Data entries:
BEGIN

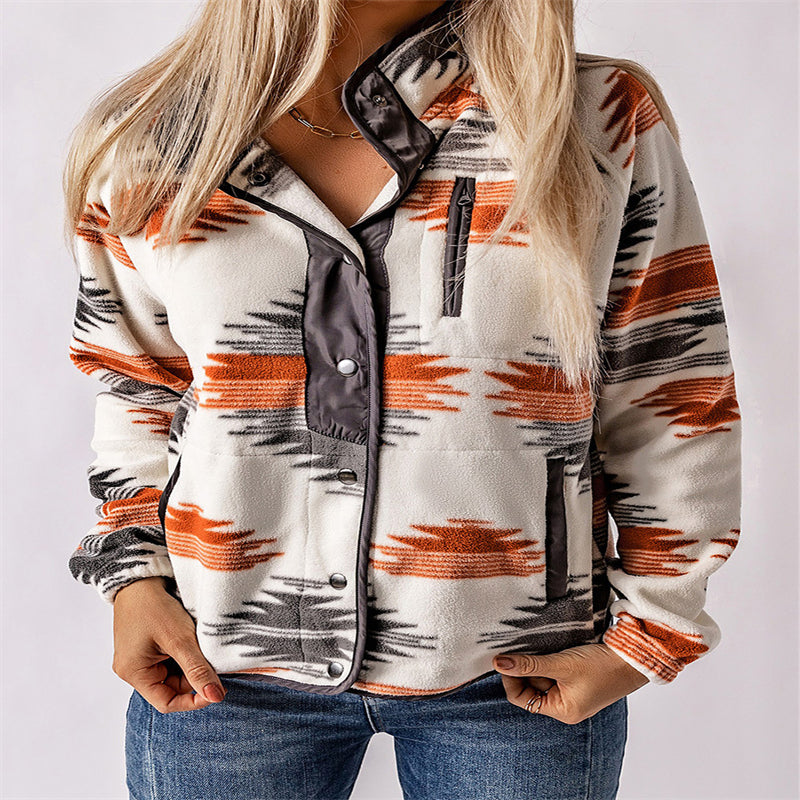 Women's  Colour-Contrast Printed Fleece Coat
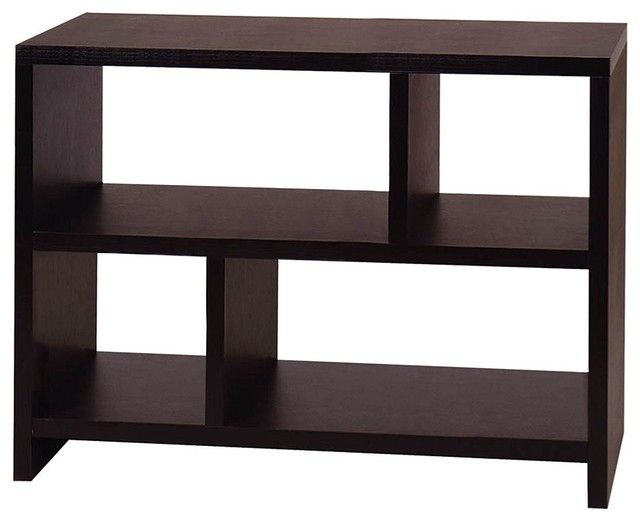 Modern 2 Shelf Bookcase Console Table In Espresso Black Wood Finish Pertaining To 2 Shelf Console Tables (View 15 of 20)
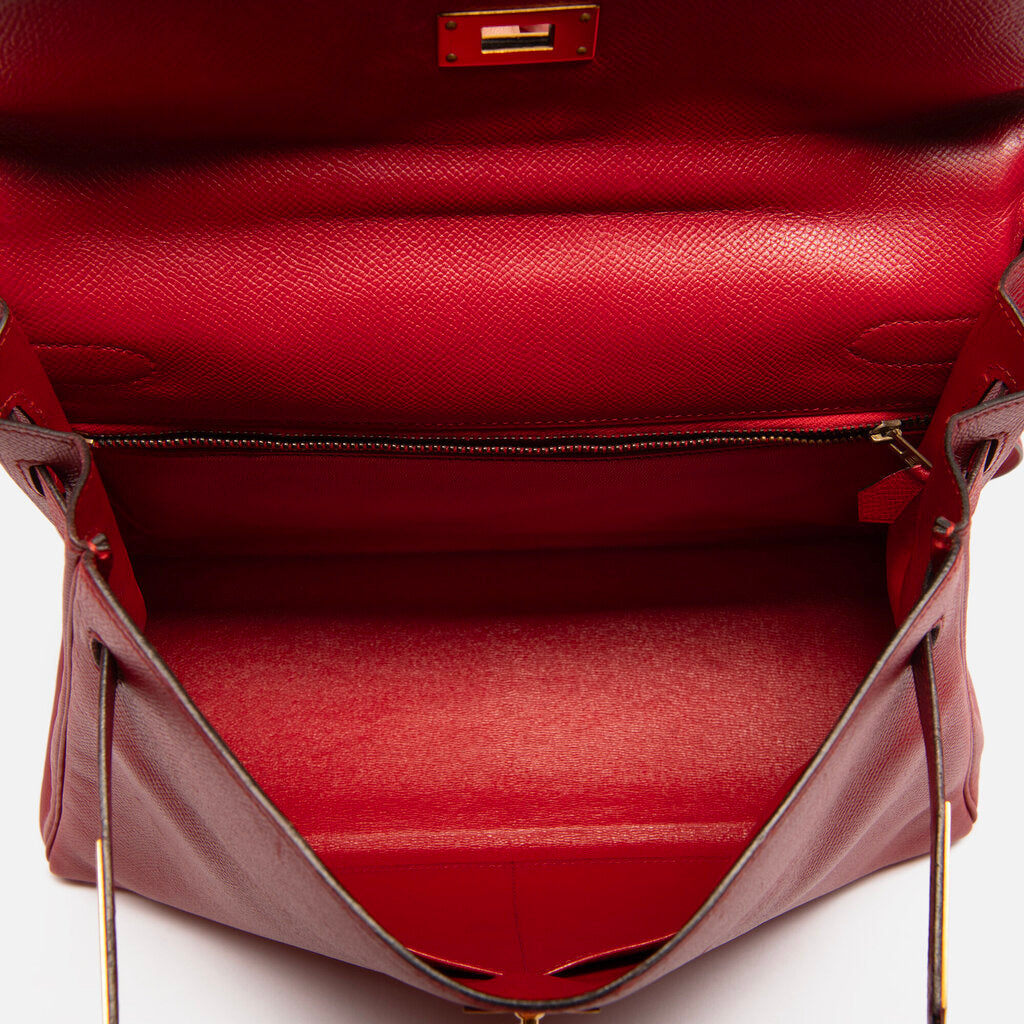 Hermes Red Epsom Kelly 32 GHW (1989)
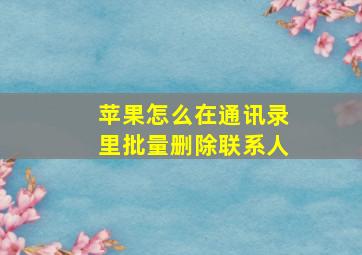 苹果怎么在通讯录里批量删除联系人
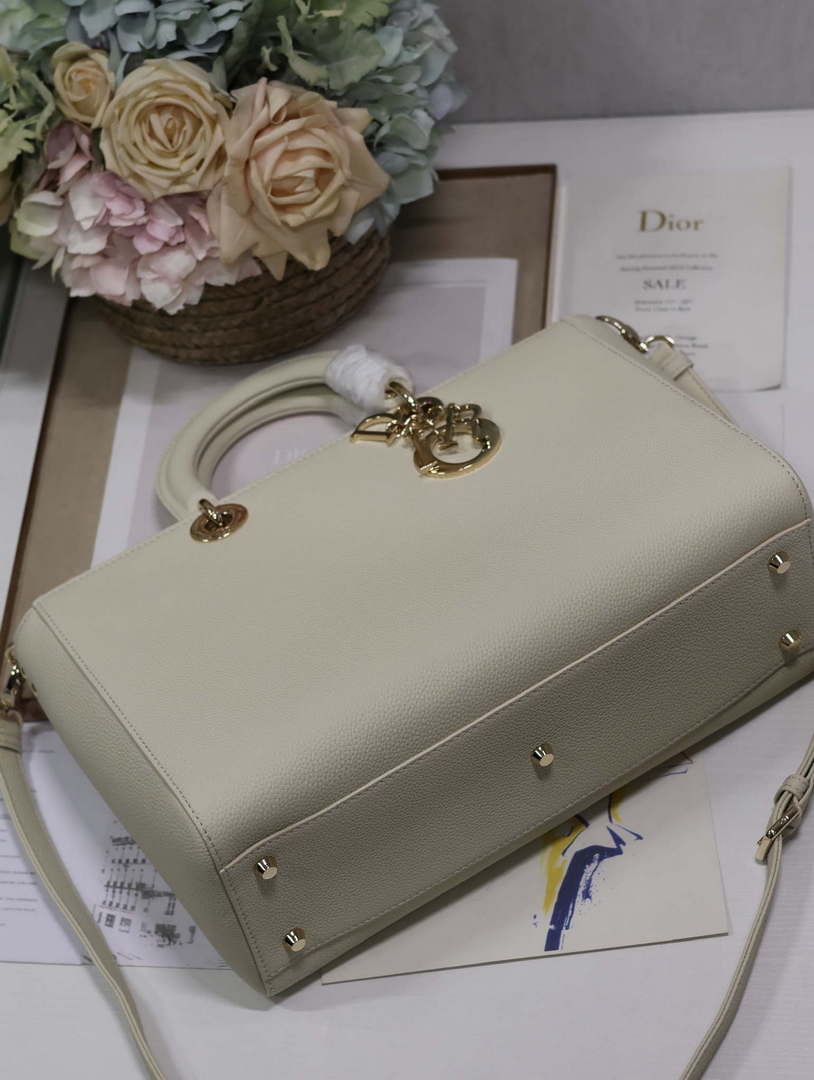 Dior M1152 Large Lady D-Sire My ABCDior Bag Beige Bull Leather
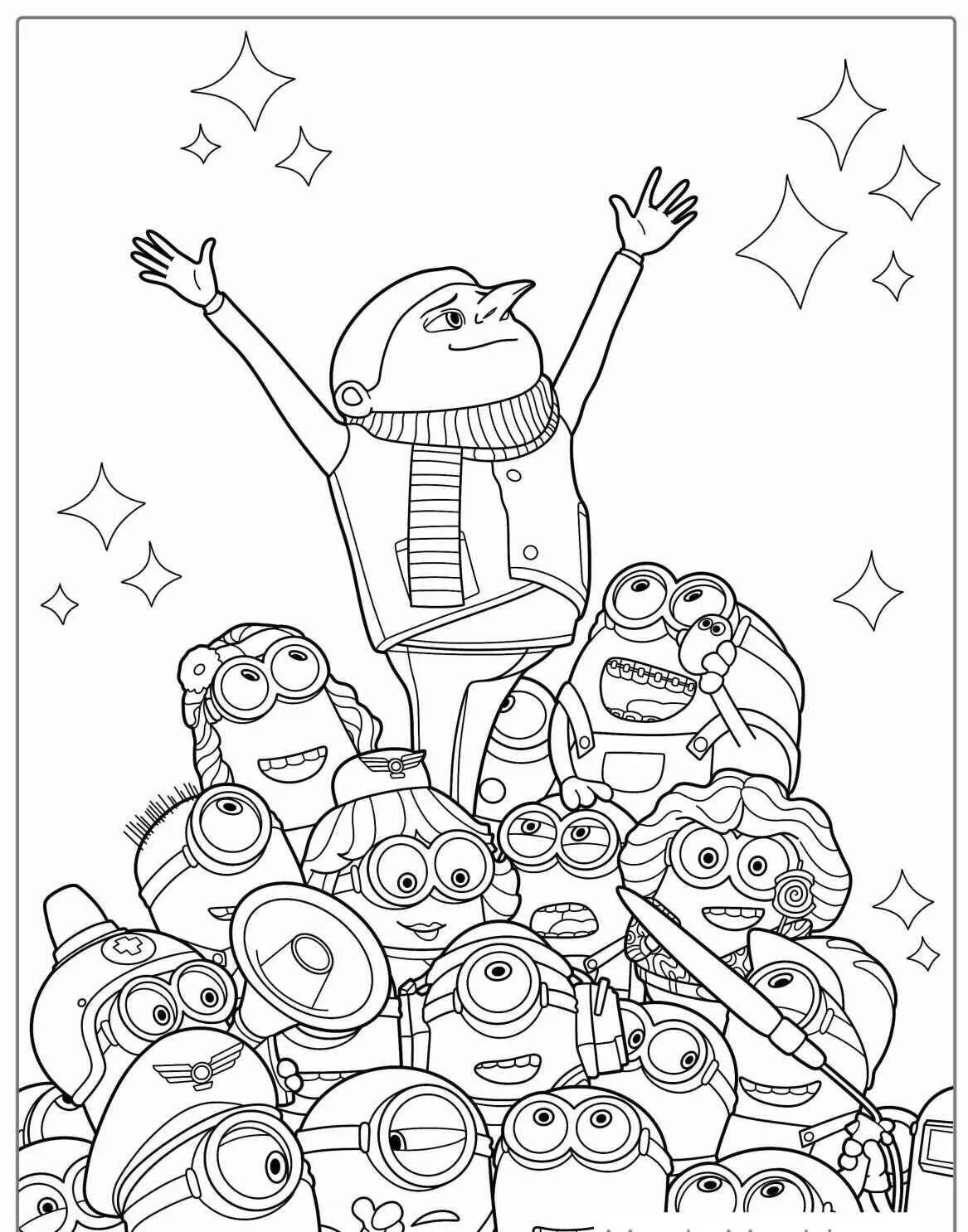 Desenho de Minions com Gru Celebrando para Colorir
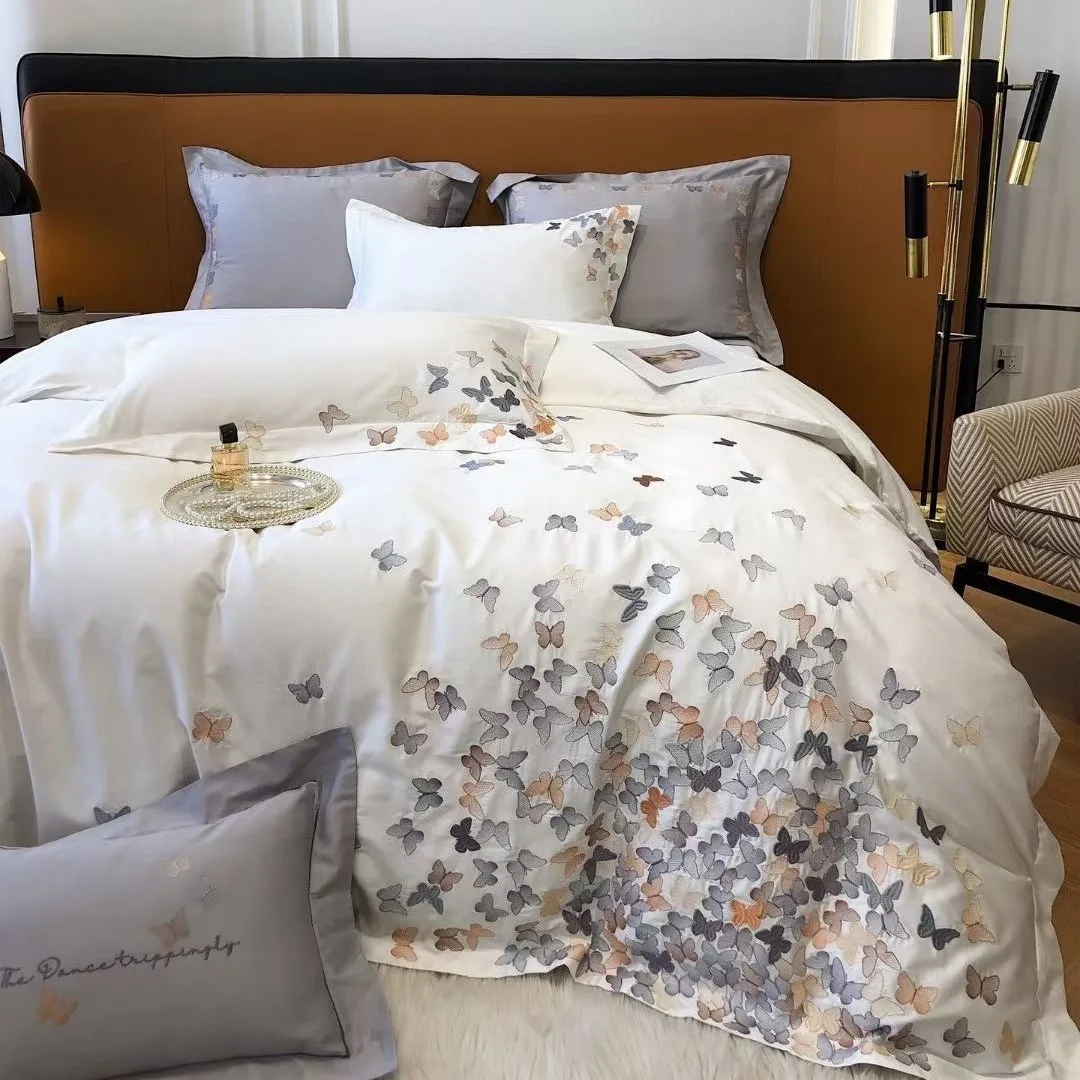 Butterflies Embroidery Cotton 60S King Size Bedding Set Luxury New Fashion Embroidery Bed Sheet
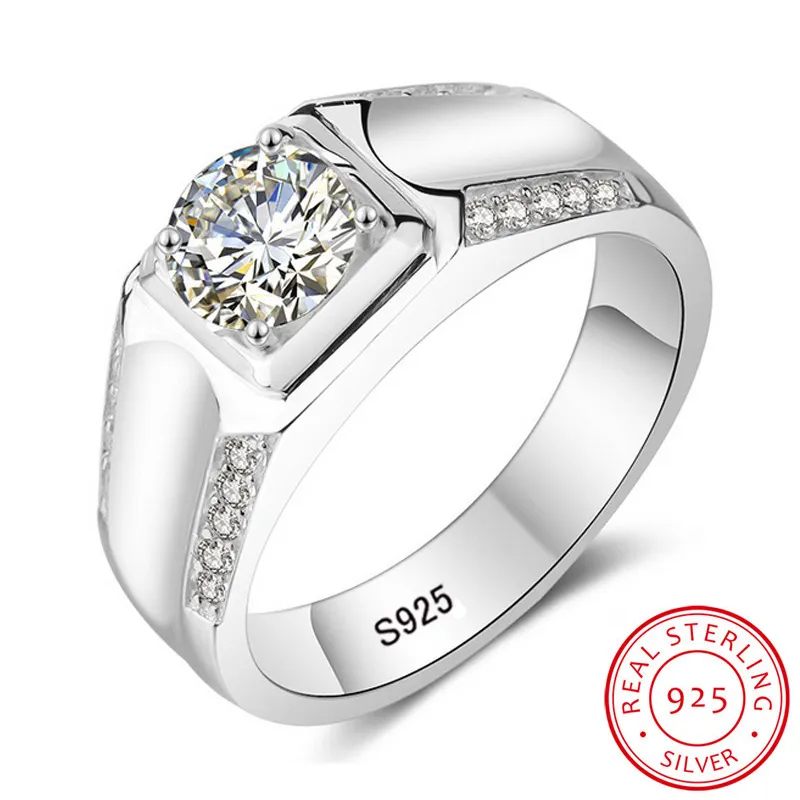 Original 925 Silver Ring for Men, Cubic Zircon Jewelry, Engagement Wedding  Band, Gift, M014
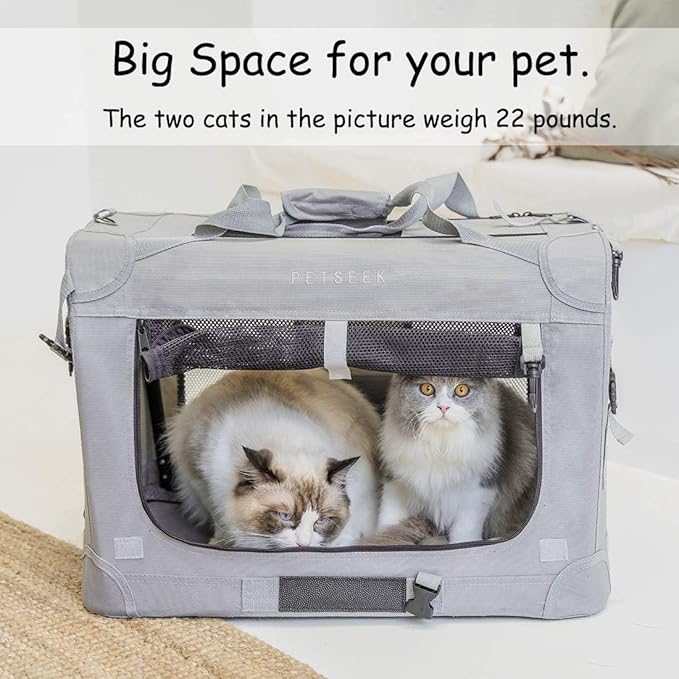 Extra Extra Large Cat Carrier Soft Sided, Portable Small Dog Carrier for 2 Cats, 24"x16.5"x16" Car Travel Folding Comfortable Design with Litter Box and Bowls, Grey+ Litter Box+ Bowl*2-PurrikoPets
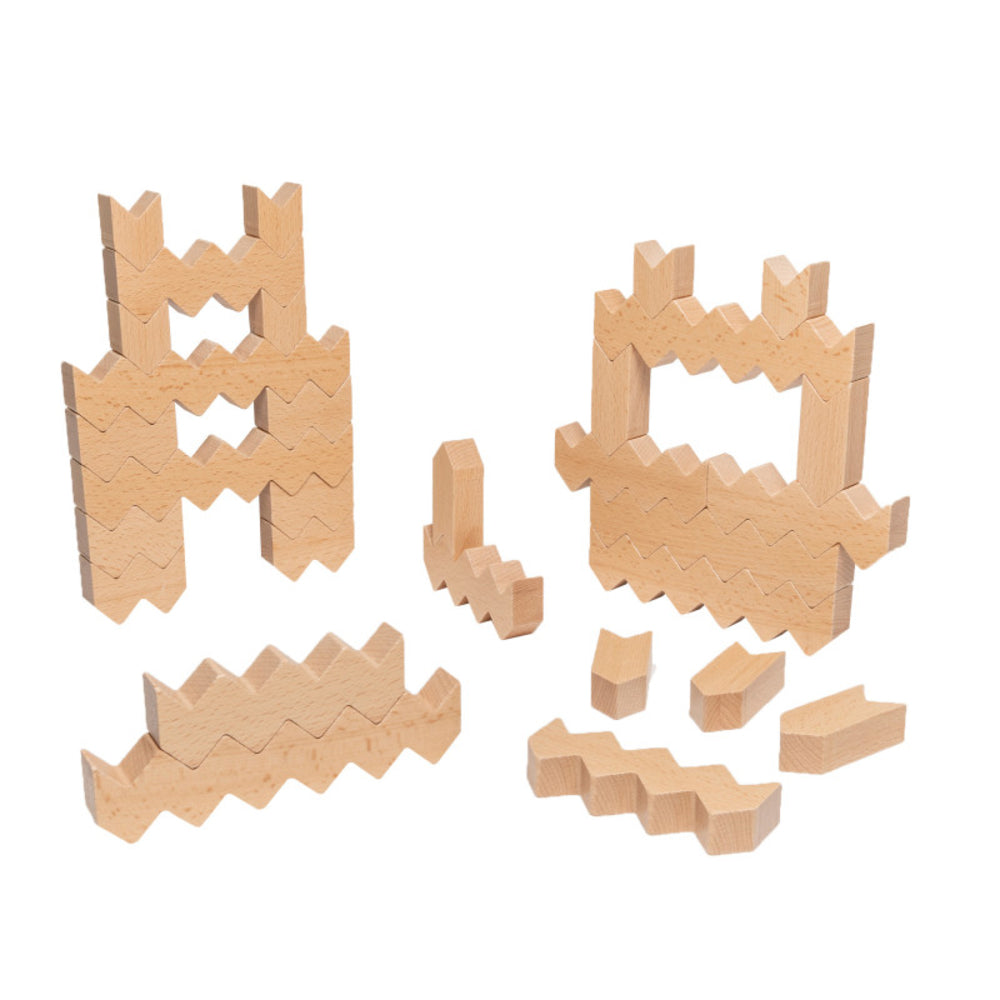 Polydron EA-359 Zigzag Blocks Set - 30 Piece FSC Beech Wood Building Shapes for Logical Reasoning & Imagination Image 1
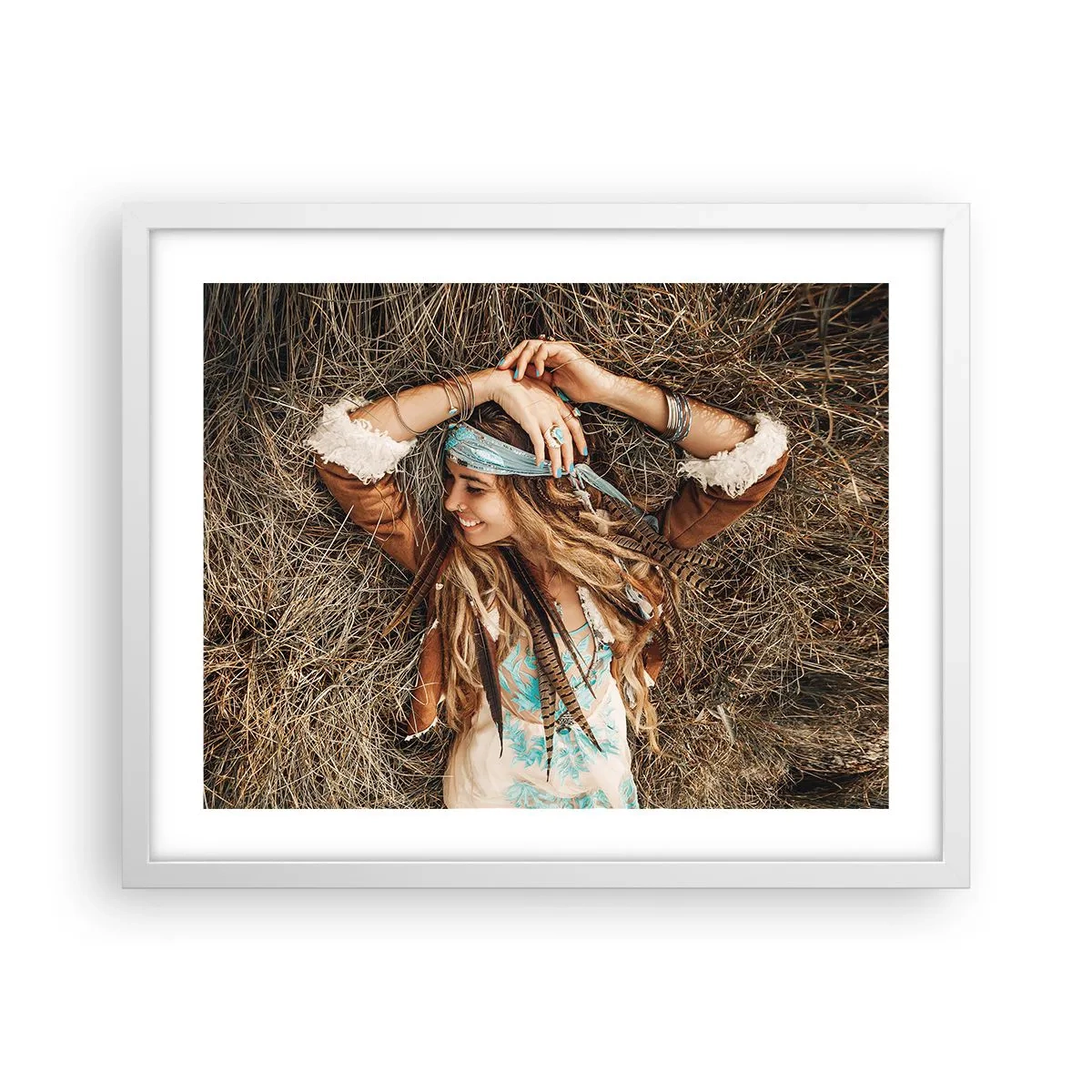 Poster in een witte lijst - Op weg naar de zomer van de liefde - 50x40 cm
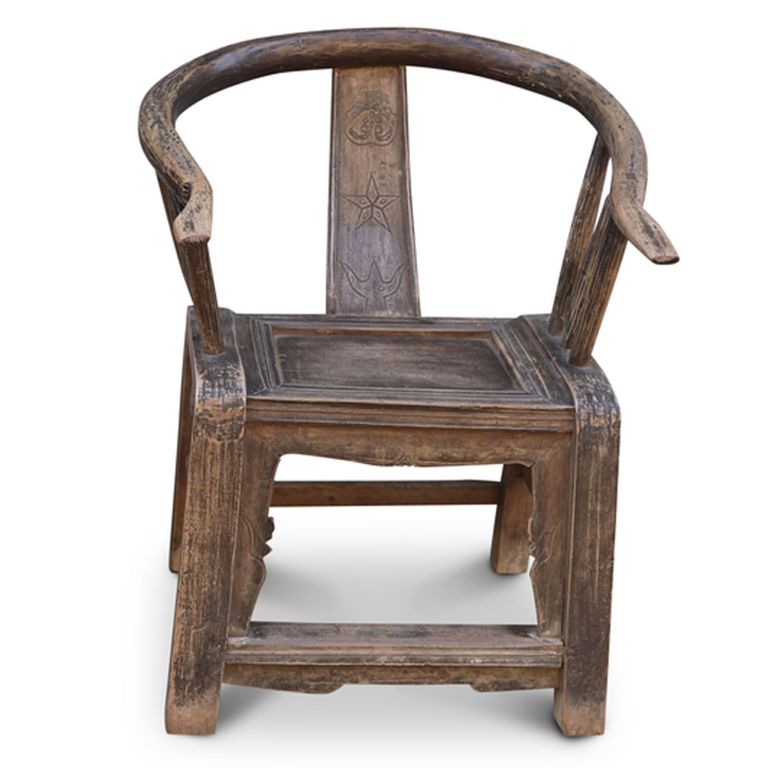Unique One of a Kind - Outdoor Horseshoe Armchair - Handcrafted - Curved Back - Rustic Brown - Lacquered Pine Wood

END

Although the records include pictures, the copy should reproduce every line exactly and none of the pictures.

 Women's  Colour-Contrast Printed Fleece Coat
 Modern 2 Shelf Bookcase Console Table In Espresso Black Wood Finish Pertaining To 2 Shelf Console Tables (View 15 of 20)
 Hermes Red Epsom Kelly 32 GHW (1989)
 苹果怎么在通讯录里批量删除联系人
 Dior M1152 Large Lady D-Sire My ABCDior Bag Beige Bull Leather
 Desenho de Minions com Gru Celebrando para Colorir
 Butterflies Embroidery Cotton 60S King Size Bedding Set Luxury New Fashion Embroidery Bed Sheet
 Original 925 Silver Ring for Men, Cubic Zircon Jewelry, Engagement Wedding  Band, Gift, M014
 Extra Extra Large Cat Carrier Soft Sided, Portable Small Dog Carrier for 2 Cats, 24"x16.5"x16" Car Travel Folding Comfortable Design with Litter Box and Bowls, Grey+ Litter Box+ Bowl*2-PurrikoPets
 Polydron EA-359 Zigzag Blocks Set - 30 Piece FSC Beech Wood Building Shapes for Logical Reasoning & Imagination Image 1
 Poster in een witte lijst - Op weg naar de zomer van de liefde - 50x40 cm
Unique One of a Kind - Outdoor Horseshoe Armchair - Handcrafted - Curved Back - Rustic Brown - Lacquered Pine Wood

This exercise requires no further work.